Baroness Burt and industry leaders emphasise importance of attracting female talent


Liberal Democrat Equalities Spokesperson, Baroness Burt of Solihull has emphasised the importance of utilising the incredible talent pool of women across the UK to mark International Women in Engineering Day. 

Baroness Burt urged business leaders within Made in the Midlands and the wider engineering community to seize advantage of the benefits that diversity can provide. She also encouraged female leaders within the sector to blaze a trail for the future generation of female engineers.

The Women’s Engineering Society statistics document found that companies are 15% more likely to perform better if they are gender diverse. The document also revealed that the UK has the lowest percentage of female engineering professionals in Europe, at less than 10%, while Latvia, Bulgaria and Cyprus lead with nearly 30%. 

Baroness Burt stated: “Gender diversity is very important, there is a business case for having more women, as well as a moral and talent case. If you have different diverse individuals contributing towards a company's success and productivity then it is clear that it is going to be more successful.”

The manufacturing and engineering sector can still be tarnished with the misconception of being ‘a dirty job' which business leaders aim to eradicate to attract more talent. The exponential growth in technology has also led many manufacturers to claim the sector is facing a fourth industrial revolution labelled Industry 4.0 which has removed the limitations that may have previously existed within the sector.

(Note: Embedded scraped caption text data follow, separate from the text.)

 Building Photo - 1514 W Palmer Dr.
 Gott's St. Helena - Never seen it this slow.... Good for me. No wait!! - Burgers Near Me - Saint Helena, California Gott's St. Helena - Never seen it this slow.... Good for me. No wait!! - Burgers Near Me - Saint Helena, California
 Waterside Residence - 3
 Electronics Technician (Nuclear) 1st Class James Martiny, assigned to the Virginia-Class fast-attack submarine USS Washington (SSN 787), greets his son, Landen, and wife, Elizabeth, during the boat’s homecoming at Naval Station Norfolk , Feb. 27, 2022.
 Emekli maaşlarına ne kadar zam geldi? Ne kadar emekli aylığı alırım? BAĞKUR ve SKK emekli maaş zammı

Kirsty Davies-Chinnock, Managing Director of Professional Polishing Services stated: “I think there are still misconceptions about the engineering industry, that everything is manual, heavy work and women aren’t physically suited to it. These misconceptions about the industry need to be erased by greater communication and we want to improve the image of the sector to women who want to work within this industry.”  

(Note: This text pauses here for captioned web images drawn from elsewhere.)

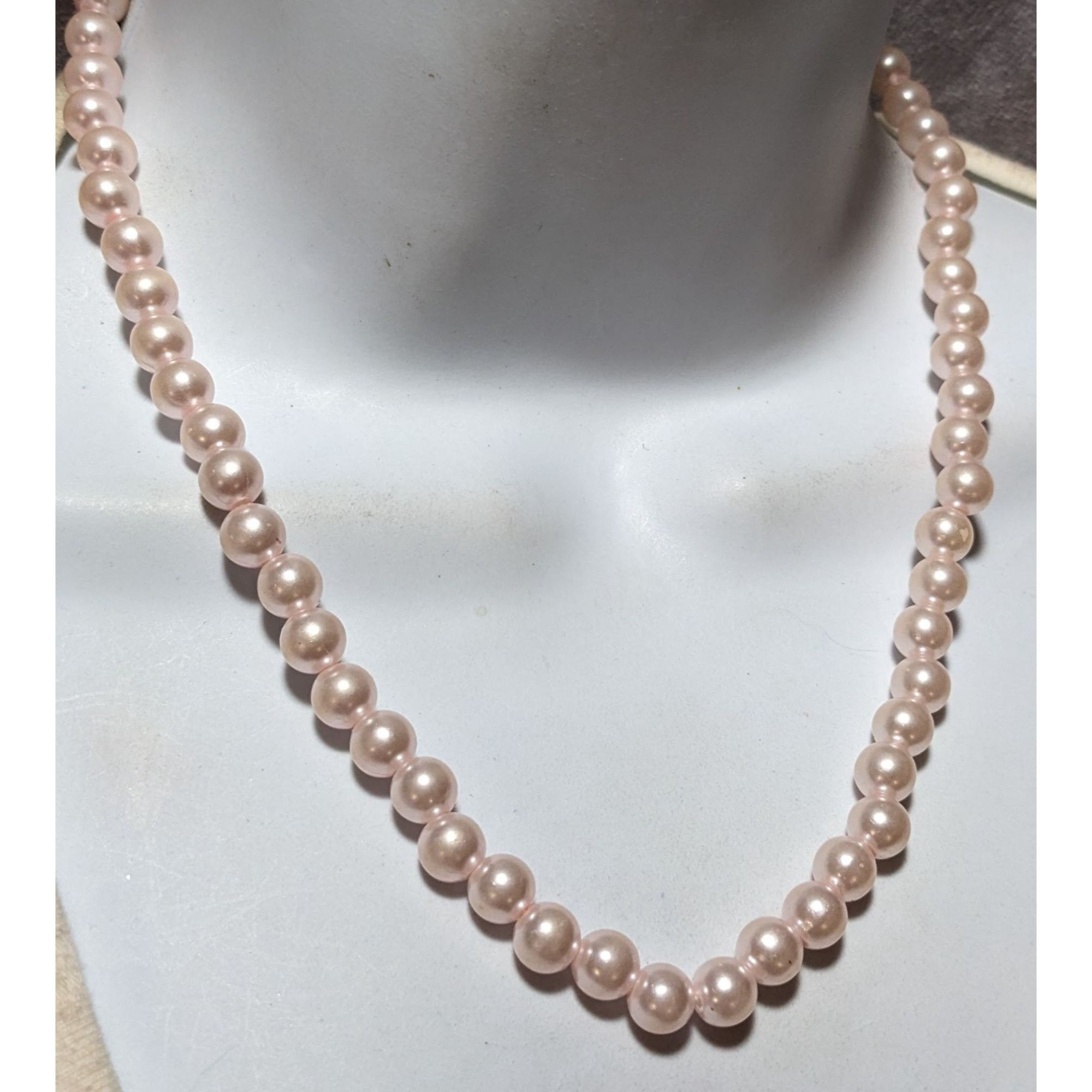 Other Coquette Pastel Pink Faux Pearl Necklace Size ONE SIZE - 6 Thumbnail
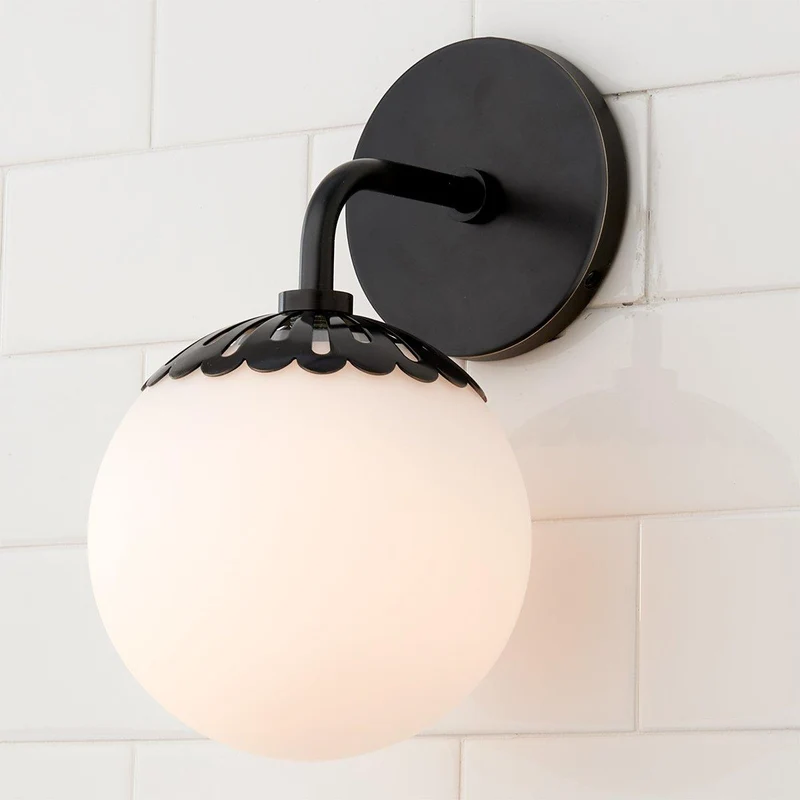 Art Deco Wandlamp met Bloemkap en Glazen Bol – Design Wandverlichting in Messing, Zwart of Nikkel voor Woonkamer en Badkamer | Sansoti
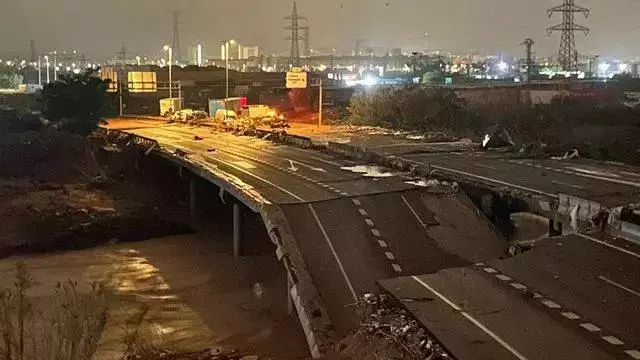 imagini-apocaliptice-dupa-inundatiile-catastrofale-cu-51-de-morti-din-spania-victimele-sunt-cautate-cu-dronele-932077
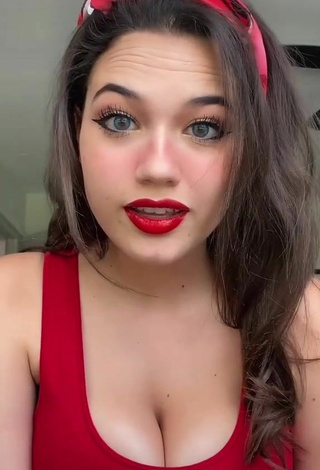 4. Sexy Sofia Gomez Shows Cleavage in Red Top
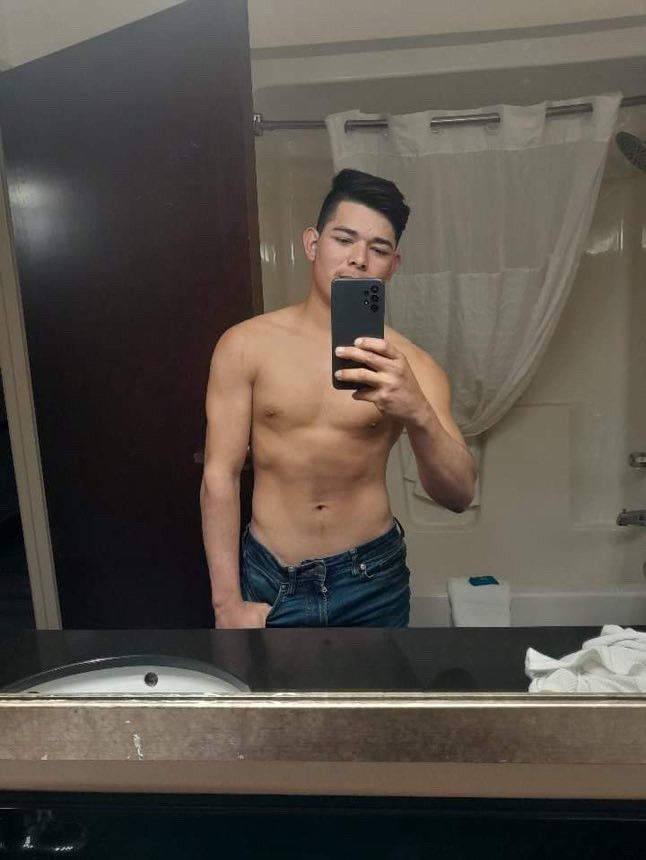 Omar, 24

The Women’s Engineering Society also found that there is now very little gender difference in take up of and achievement in core STEM GCSE subjects. Additionally, only 15.8% of engineering and technology undergraduates in the UK are female. Compared with India: where over 30% of engineering students are women on engineering courses account for over 30% of the students.

Karen Drinkwater, Company Director at JSC Rotational said: “I think if we look across the board we are not recruiting enough female engineers. The only way you are going to appeal to future generations is to celebrate the achievements of the women who are already in the industry. If you compare engineering with other competitive industries which A* students go into we need to become all inclusive.” 

International Women in Engineering Day takes place on 23 June annually. This day focuses attention on the amazing careers in engineering and technical roles for girls, and allows the sector to celebrate the achievements of outstanding women engineers.

Baroness Burt concluded: “Women represent more than 50% of the population, so we need to be using their skills, talents and potential in one of the most important professions that we have in this country. It is hugely important to celebrate the achievements of women in engineering today, but we must ensure moving forwards that there is an increase in women taking an interest in this great sector.”